Five hundred feet southwest of Portuguese Point is the high spot of a solitary reef that rises from fifty-six feet to eleven feet in thick kelp. Sponges, gorgonians, and fish dominate the reef. Schools of opaleye flitter through the kelp in the shallows. Sheephead patrol to bottom of the reef. The reef itself is more like an offshore reef, not covered with urchins the way nearshore reefs can be. It is a healthy ecosystem just a few minutes swim from shore.

The high point is located at 33° 44.151 118° 22.566, southwest of the point. Dropping along the eastern edge of the kelp bed will put you right over the reef. Enter from the Sacred Cove side of the point using a car shuttle dropoff near the ski jump on Palos Verdes Drive South or park in the Abalone Cove parking lot at 5970 Palos Verdes Drive South and hike down to the point. It's a long hike to the water, but not as steep as most Palos Verdes dive sites are.

There are nearby reefs to the west of the high spot reef. All of these reefs are just inside of the Abalone Cove State Marine Conservation Area.

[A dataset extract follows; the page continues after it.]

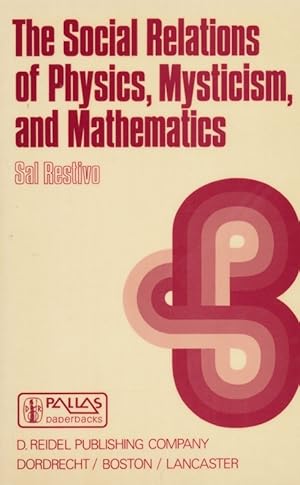 Seller image for The Social Relations of Physics, Mysticism, and Mathematics : Studies in Social Structure, Interests, and Ideas. for sale by Antiquariat Bernhardt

It is unlawful to injure, damage, take, or possess any living, geological, or cultural marine resource for recreational and/or commercial purposes, with the following specified exceptions:
  1. The recreational take by spearfishing of white seabass and pelagic finfish; and market squid by hand-held dip net is allowed. That means no lobsters or spearing reef fish allowed.